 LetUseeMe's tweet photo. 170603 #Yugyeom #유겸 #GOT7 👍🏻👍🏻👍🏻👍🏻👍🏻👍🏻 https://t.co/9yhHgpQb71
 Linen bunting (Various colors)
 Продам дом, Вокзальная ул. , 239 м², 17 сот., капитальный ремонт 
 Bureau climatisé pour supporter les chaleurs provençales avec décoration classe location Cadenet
***
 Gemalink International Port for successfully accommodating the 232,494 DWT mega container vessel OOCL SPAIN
***
■ Task to carry out ■
Please output the lines of the listing above that fall in the stretch from the one with "Продам дом, Вокзальная" through the one with "Bureau climatisé pour", exactly and only those.

■ Output for this exercise ■
 Продам дом, Вокзальная ул. , 239 м², 17 сот., капитальный ремонт 
 Bureau climatisé pour supporter les chaleurs provençales avec décoration classe location Cadenet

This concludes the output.